Your answer must be the data repeated exactly, with no pictures in it.

*** Opening of INPUT FOR THIS TASK ***

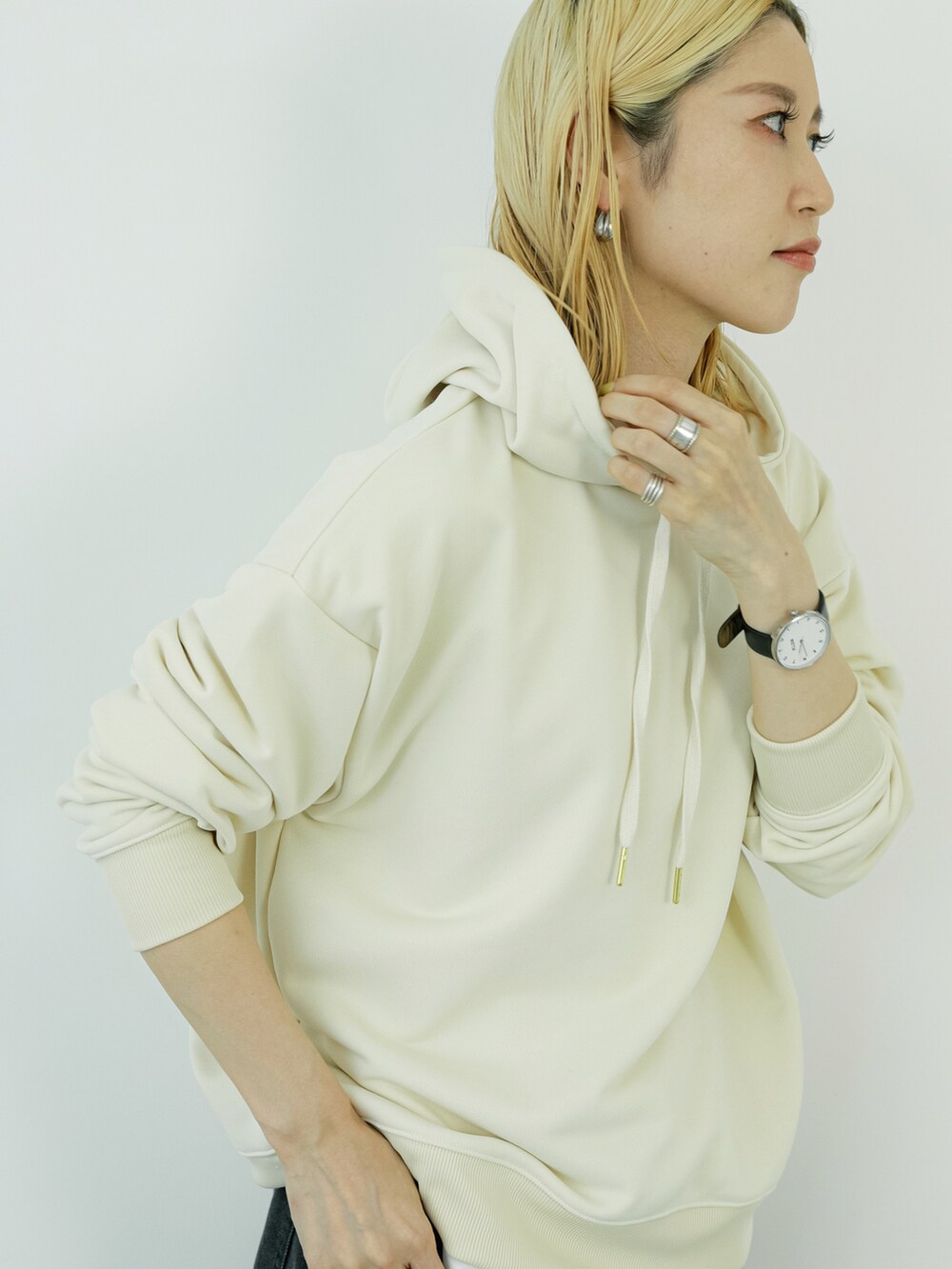 ホワイト系のTシャツ/カットソー、ブラック系のその他パンツ、ブラック系のハンドバッグを着用したレディースの秋コーディネートの3枚目の写真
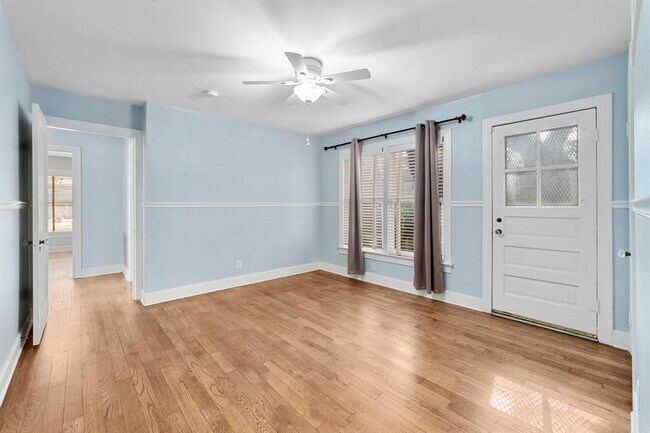 Building Photo - 2309 Forest Ave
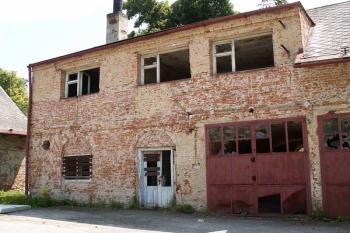 Pohled na budovu bývalé hraběcí konírny (© Miroslav BITTER 07/2006)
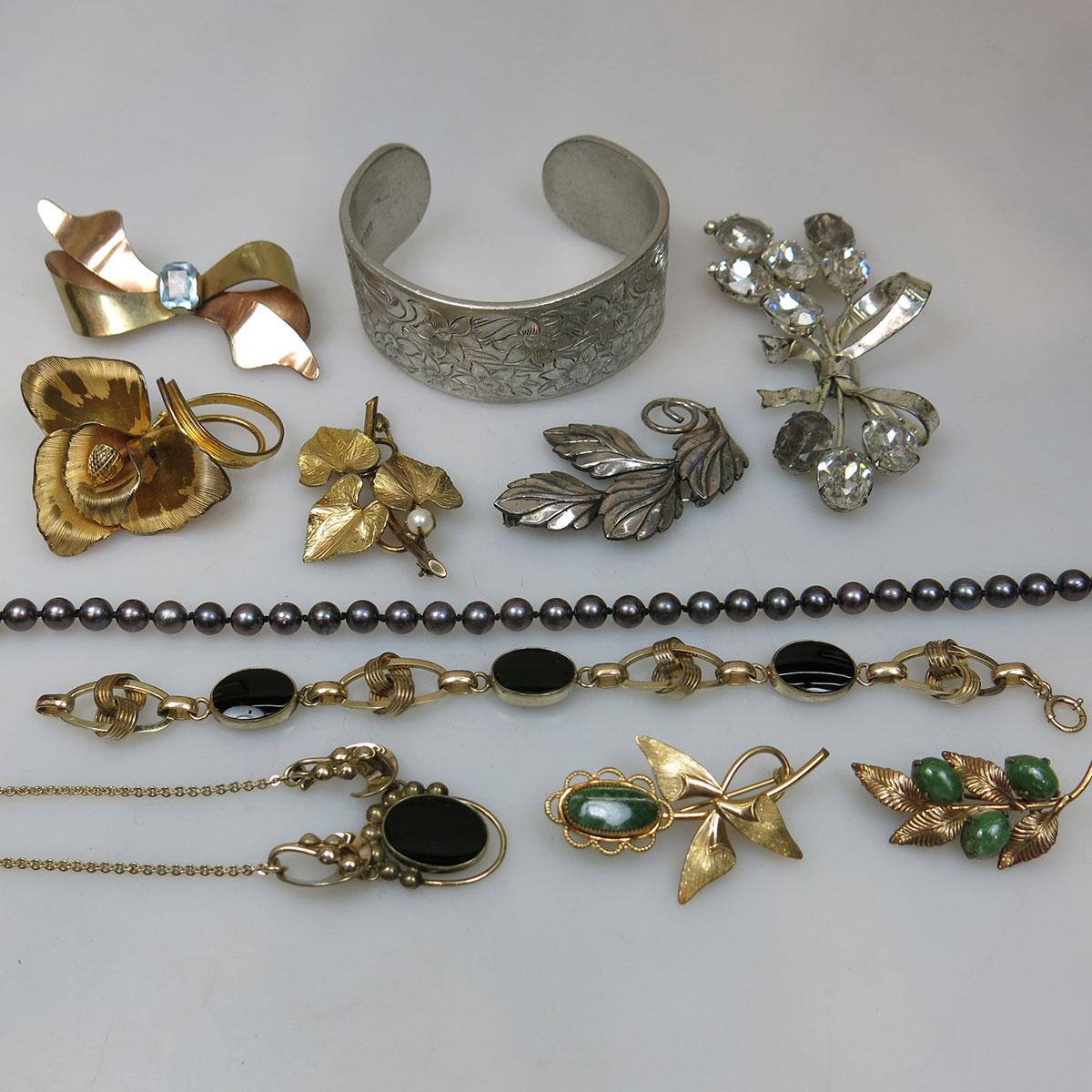 Quantity Of Silver, Pewter And Gold-Filled Jewellery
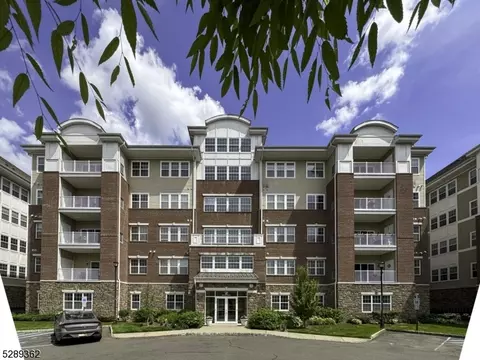 2412 Warrens Way #412, Wanaque, NJ 07465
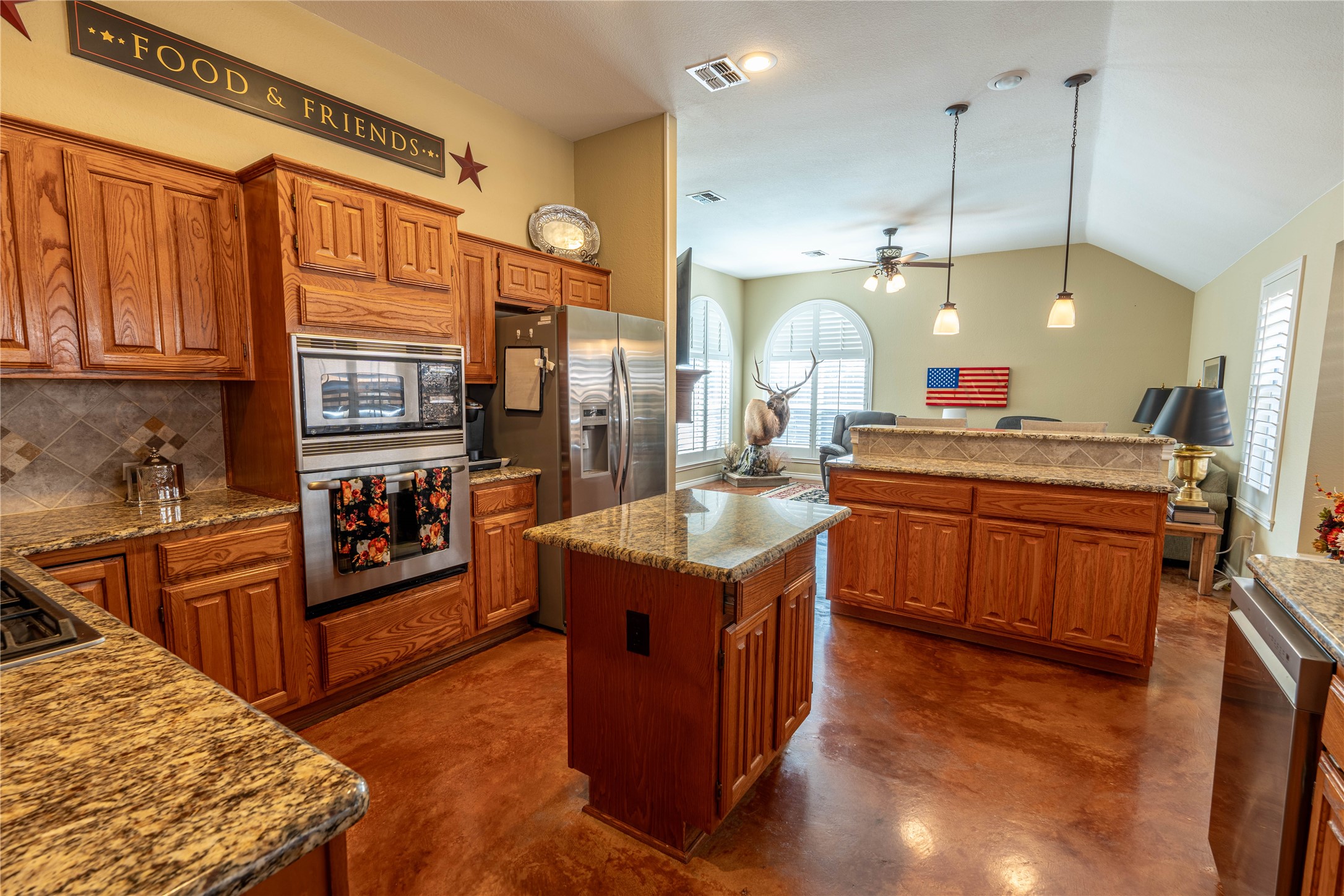 901 Drake Trail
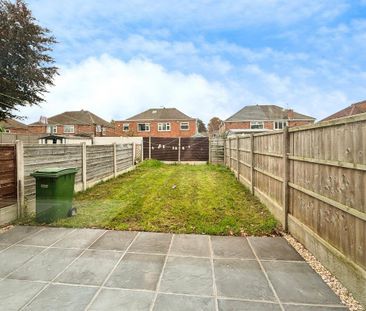 3 bedroom terraced house to rent - Photo 5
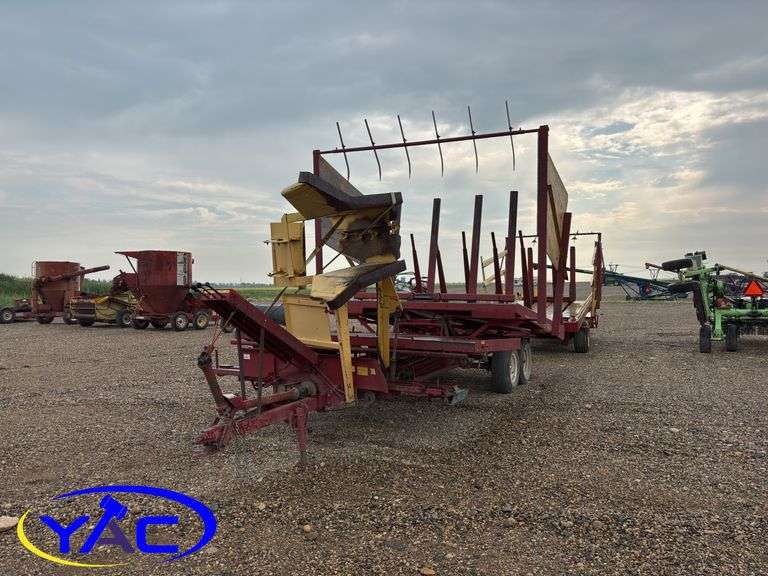 NEW HOLLAND 1033 BALE STACKER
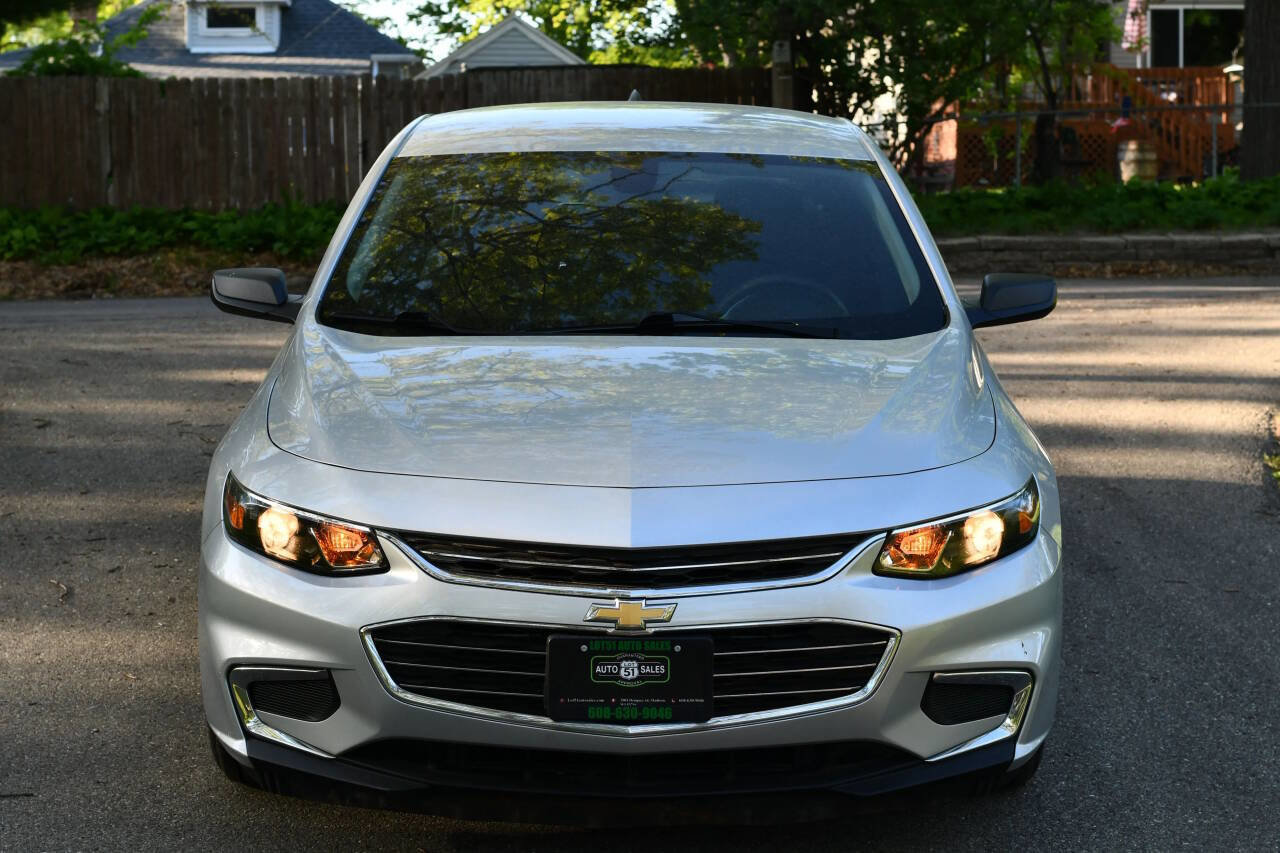 Used 2018 Chevrolet Malibu LS FWD image 2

*** Close of INPUT FOR THIS TASK ***

- _REPLY TO THE TASK_
 ホワイト系のTシャツ/カットソー、ブラック系のその他パンツ、ブラック系のハンドバッグを着用したレディースの秋コーディネートの3枚目の写真
 Building Photo - 2309 Forest Ave
 Pohled na budovu bývalé hraběcí konírny (© Miroslav BITTER 07/2006)
 Quantity Of Silver, Pewter And Gold-Filled Jewellery
 2412 Warrens Way #412, Wanaque, NJ 07465
 901 Drake Trail
 3 bedroom terraced house to rent - Photo 5
 NEW HOLLAND 1033 BALE STACKER
 Used 2018 Chevrolet Malibu LS FWD image 2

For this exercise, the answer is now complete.